(Yicai Global) Oct. 9 -- China needs to reform to increase its supply of quality assets, Shen Minggao, chief economist at GF Securities Co. [SHE:000776], told Yicai Global in an exclusive interview.
Asset-heavy industries face larger risks, while those without the need for major assets, such as new-economy, consumer and services sectors, enjoy greater growth potential, he added.
Shen recommends investors keep an eye on the consumer market and avoid investment-driven industries. Consumption growth in China is stronger than many investors had expected as the younger generation is much more willing to spend than their parents were, he said.
The new economy is another focus area, Shen added. He believes that China’s new economy, including online and green industries, are more vigorous than that of many other countries.
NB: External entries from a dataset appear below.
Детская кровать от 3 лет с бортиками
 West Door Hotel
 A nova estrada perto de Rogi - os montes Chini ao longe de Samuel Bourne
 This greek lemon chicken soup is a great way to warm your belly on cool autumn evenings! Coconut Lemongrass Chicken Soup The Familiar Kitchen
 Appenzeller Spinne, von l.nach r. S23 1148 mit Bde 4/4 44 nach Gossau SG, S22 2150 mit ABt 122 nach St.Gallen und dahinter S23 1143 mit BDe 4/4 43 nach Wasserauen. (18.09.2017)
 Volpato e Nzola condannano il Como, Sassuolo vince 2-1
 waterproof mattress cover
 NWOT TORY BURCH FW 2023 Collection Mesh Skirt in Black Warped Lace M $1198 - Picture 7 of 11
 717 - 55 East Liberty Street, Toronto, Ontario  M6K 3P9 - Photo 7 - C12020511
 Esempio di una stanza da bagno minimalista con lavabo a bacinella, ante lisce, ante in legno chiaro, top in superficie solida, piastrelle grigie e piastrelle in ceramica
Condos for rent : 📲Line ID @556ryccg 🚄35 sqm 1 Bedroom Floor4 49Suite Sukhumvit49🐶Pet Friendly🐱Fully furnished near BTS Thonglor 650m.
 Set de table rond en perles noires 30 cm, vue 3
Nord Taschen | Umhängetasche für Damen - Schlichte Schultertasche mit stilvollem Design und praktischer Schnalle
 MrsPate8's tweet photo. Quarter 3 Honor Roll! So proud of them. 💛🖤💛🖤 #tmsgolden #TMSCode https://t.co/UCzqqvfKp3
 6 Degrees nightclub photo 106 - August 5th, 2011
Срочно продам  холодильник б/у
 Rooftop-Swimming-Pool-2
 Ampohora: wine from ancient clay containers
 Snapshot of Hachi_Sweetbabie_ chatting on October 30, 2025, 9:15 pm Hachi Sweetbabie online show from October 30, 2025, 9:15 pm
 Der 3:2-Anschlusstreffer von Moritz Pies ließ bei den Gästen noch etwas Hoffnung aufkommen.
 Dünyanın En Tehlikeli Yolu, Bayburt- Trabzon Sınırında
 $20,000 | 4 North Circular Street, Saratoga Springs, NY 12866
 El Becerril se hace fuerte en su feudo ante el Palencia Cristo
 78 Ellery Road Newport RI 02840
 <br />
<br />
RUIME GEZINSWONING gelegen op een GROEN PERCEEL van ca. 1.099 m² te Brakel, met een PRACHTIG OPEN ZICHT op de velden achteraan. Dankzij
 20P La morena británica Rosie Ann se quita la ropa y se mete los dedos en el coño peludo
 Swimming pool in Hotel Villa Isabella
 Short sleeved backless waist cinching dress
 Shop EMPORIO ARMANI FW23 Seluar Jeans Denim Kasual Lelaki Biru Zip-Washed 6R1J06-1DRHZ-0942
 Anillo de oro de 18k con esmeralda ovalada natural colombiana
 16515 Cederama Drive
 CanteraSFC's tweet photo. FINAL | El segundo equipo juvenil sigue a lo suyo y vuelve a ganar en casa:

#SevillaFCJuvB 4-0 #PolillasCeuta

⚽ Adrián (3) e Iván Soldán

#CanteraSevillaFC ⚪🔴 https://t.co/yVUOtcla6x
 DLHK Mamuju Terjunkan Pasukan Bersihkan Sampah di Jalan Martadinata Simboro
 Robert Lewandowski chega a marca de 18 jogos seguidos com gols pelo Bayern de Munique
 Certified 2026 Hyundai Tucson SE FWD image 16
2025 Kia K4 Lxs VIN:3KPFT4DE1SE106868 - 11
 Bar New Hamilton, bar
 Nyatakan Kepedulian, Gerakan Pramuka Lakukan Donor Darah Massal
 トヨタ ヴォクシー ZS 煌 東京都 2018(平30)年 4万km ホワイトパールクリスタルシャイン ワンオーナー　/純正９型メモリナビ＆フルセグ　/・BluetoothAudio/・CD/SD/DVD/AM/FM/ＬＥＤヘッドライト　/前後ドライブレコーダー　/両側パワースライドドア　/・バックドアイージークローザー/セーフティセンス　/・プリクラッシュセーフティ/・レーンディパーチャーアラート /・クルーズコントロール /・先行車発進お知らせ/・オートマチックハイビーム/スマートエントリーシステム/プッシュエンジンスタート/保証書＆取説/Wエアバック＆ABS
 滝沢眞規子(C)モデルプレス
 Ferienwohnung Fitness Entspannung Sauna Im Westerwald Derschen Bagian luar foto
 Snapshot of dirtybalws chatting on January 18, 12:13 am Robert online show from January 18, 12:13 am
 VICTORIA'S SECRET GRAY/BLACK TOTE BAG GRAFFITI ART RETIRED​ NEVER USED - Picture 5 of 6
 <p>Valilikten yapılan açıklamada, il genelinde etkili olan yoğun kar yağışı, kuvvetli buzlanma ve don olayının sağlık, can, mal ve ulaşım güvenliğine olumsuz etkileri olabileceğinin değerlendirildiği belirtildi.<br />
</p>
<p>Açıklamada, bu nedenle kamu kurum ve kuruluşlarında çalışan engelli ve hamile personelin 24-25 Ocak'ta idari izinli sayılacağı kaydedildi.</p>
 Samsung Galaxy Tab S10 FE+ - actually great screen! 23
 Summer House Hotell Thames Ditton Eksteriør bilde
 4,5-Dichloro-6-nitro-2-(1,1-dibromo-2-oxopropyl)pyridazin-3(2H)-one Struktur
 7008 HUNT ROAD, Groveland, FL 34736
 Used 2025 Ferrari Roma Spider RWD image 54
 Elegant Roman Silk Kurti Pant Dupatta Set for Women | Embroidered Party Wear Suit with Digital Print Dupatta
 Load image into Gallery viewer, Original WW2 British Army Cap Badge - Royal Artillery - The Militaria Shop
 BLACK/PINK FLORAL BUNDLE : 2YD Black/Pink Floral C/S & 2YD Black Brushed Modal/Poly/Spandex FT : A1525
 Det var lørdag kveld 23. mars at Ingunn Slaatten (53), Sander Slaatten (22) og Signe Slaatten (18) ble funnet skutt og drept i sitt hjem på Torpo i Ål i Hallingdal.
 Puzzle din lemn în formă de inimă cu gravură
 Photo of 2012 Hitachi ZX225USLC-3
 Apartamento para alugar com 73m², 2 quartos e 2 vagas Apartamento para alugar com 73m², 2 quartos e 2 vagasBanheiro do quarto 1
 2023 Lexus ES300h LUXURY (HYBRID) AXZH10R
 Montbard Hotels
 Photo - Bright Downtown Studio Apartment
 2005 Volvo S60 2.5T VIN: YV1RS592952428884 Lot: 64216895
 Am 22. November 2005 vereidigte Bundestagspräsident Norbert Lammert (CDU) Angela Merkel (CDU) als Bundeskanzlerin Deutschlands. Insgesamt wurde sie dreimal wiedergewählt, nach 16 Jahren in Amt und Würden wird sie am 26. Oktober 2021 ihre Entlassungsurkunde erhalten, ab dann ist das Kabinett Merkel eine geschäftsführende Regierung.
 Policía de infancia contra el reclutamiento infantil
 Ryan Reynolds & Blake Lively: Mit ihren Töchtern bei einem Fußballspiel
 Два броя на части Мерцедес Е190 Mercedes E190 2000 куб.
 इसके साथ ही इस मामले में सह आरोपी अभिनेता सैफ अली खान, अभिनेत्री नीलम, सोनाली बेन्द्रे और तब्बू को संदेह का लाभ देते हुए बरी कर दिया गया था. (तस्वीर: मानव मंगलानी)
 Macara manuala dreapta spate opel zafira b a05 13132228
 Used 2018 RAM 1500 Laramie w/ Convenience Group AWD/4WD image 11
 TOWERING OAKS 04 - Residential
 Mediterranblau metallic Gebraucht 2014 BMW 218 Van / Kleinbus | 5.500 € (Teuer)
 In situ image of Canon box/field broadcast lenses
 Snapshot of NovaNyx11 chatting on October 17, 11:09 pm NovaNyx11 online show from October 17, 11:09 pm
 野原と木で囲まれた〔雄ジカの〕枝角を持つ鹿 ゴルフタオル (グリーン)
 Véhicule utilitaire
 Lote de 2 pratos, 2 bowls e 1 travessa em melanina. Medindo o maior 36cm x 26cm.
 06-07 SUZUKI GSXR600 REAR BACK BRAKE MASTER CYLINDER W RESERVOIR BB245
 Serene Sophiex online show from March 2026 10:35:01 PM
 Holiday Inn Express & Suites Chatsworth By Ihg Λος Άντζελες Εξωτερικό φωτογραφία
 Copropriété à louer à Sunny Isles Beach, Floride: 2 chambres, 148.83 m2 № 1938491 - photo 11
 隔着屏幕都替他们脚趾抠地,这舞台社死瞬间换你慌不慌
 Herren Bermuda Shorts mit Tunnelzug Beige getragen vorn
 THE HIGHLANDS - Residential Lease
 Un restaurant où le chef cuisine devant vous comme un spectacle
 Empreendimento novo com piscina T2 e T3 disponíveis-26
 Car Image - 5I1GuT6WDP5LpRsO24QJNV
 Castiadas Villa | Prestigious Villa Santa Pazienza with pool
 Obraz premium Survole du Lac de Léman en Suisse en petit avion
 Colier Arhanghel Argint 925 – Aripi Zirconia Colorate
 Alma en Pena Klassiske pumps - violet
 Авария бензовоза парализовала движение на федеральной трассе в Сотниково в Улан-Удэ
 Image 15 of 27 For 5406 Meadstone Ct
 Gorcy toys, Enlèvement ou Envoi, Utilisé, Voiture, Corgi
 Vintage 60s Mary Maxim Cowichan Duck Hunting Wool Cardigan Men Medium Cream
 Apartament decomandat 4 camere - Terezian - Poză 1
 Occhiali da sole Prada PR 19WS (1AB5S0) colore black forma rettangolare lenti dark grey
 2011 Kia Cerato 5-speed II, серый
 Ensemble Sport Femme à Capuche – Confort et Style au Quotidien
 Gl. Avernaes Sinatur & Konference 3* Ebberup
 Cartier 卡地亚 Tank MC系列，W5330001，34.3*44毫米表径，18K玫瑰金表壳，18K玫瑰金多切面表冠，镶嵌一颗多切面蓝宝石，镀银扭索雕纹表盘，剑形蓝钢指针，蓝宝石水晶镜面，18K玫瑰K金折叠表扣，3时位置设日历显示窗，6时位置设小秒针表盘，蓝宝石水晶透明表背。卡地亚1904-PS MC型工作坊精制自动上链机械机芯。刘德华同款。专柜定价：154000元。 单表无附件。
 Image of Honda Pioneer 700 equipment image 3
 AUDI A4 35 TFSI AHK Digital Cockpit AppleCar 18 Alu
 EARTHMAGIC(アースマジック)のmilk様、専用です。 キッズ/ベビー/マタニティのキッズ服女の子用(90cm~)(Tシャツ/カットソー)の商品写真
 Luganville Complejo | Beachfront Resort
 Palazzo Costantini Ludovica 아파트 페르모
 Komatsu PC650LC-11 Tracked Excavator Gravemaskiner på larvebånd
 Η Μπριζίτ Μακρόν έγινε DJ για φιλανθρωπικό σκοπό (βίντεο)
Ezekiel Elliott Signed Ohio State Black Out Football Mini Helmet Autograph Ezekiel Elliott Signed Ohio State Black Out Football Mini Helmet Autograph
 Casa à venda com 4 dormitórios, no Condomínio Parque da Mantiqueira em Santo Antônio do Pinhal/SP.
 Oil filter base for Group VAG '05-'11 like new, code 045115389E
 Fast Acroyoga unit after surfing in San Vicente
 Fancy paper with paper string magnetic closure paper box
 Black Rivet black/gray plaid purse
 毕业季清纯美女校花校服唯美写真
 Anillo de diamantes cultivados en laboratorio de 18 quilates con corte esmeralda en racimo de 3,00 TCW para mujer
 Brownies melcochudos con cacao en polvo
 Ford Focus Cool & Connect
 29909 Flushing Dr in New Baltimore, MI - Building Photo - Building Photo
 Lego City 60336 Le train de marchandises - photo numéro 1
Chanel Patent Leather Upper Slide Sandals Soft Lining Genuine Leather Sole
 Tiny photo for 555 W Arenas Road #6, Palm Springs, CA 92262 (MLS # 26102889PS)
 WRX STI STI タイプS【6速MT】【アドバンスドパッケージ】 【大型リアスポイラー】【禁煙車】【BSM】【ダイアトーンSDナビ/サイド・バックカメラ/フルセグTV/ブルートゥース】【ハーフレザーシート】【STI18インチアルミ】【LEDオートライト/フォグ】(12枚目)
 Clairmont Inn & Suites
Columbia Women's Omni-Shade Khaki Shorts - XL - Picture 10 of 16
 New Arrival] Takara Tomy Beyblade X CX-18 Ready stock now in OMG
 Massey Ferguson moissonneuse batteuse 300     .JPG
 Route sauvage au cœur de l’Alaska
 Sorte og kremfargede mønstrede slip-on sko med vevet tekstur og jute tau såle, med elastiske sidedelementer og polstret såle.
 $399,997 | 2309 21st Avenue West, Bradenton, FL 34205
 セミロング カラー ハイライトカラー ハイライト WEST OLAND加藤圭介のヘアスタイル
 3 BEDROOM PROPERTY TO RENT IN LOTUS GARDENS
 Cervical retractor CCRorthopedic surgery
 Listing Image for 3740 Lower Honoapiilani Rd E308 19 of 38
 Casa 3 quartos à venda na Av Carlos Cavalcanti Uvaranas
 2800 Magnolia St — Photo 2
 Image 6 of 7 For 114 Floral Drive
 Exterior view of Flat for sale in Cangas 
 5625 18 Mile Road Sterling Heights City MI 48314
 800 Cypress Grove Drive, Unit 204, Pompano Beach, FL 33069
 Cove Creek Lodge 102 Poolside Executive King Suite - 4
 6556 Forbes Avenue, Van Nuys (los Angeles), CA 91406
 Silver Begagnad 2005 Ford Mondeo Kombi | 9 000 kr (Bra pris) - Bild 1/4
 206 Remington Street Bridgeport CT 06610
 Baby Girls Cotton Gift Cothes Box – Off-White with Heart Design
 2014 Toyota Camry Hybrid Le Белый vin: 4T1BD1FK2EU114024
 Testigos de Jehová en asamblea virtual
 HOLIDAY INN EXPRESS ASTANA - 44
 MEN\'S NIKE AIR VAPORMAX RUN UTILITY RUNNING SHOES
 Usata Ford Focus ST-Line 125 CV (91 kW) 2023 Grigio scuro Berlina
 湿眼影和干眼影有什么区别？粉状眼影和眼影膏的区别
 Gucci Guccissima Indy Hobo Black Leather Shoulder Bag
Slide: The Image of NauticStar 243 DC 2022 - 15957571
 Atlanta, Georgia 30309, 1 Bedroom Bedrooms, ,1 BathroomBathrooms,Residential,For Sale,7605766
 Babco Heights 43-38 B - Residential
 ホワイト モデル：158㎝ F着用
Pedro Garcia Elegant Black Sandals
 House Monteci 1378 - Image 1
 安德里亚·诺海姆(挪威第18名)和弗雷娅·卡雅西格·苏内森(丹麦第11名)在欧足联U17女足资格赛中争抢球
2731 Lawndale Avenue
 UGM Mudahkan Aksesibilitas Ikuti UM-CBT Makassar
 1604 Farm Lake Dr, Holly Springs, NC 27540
Unlike cyclical industries characterized by volatility, these areas are more sustainable and merit more long-term attention and investment.
Liquidity tightening usually starts at small- to medium-sized enterprises, which are at the lower end of the economy, he said, commenting on China’s central bank’s decision to reduce the reserve requirement ratio. Recent environmental protection inspections have made life tough for SMEs with lower standards, and price hikes by upstream firms have weighed on smaller downstream companies. The People’s Bank of China’s latest move aims to pump more liquidity into smaller businesses to provide credit support for the real economy while deleveraging financially, Shen added.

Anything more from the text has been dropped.